U.S. Fast-Food Giant Yum Bids for Chinese Chain

HONG KONG — Yum Brands, the company behind KFC, Taco Bell and Pizza Hut, is planning to add another name to its list of restaurant chains: Little Sheep, which operates hundreds of colorful hot pot restaurants throughout China.

Based in Louisville, Ky., Yum has been betting on China’s giant population and rising affluence levels since 1987, when it first introduced the KFC brand in China. Last year alone, it opened more than 500 restaurants in mainland China and now generates more than one-third of its annual revenue in the country.

On Friday, Yum stepped up its expansion drive with a bid for Little Sheep, which is based in the Inner Mongolian city of Baotou and operates what is a well recognized brand within the highly fragmented Chinese restaurant market.

Yum, which already owns 27.2 percent of the Hong Kong-listed Little Sheep, offered to pay 6.50 Hong Kong dollars, or 84 U.S. cents, each for most of the shares it does not already own, with the aim of raising its stake to 93.2 percent. The offer, which had been signaled in late April, values the company at $682 million.

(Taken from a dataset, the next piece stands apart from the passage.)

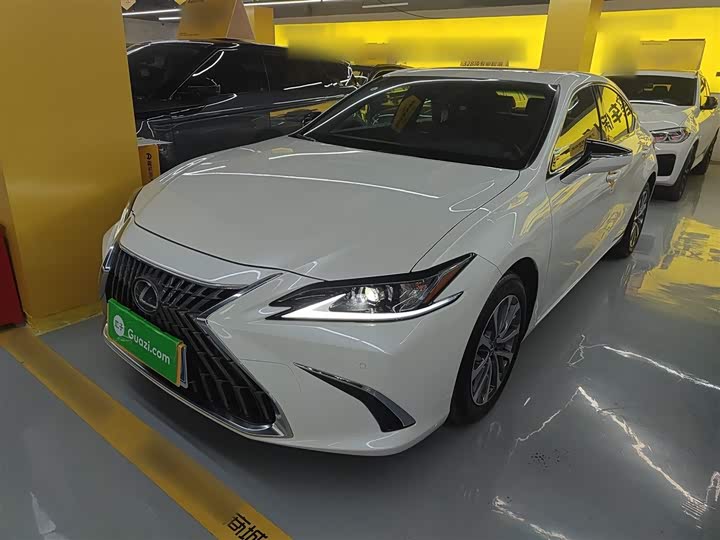 Фото 2 - Lexus ES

The founders of Little Sheep — Zhang Gang, who is also chairman of the company, and Chen Hongkai — would retain the remaining 6.8 percent.

“The restaurant industry in China is highly competitive, but we are optimistic about the outlook and the opportunities,” Sam Su, chairman and chief executive of Yum’s China division, said in a statement Friday announcing the planned transaction. “We are confident we can further strengthen Little Sheep’s brand, business model and market position in the industry.”

The transaction, which remains subject to regulatory approval, underlines the eagerness of many Western retailers and consumer goods companies to expand into China.

Disposable incomes have risen rapidly in China and in many other developing Asian nations over the past two decades, prompting an influx of companies wishing to sell products as diverse as luxury handbags and cars, chicken drumsticks and laundry detergent.

Yum was a relatively early entrant to the Chinese market, and KFC has become one of the most dominant and visible fast-food chains in China — more so than rivals like McDonald’s.

There are now more than 3,200 KFC outlets in more than 700 mainland Chinese cities, according to Yum. The Pizza Hut brand, which was introduced in China in 1990, now counts 520 restaurants and 120 home delivery outlets across this market of 1.3 billion people.

Yum also pledged to help Little Sheep, which listed on the Hong Kong stock exchange in 2008, to introduce the hot pot concept — customers dip vegetables or meat into boiling broth at their tables — and the Little Sheep brand “to a wider global audience.”

“I believe that the strong capability and expertise Yum possesses in managing world-class brands and growing restaurant networks will significantly further Little Sheep’s development in China and overseas,” Mr. Zhang of Little Sheep said in the statement Friday, “and should leave us well positioned to develop into an internationally recognized restaurant chain.”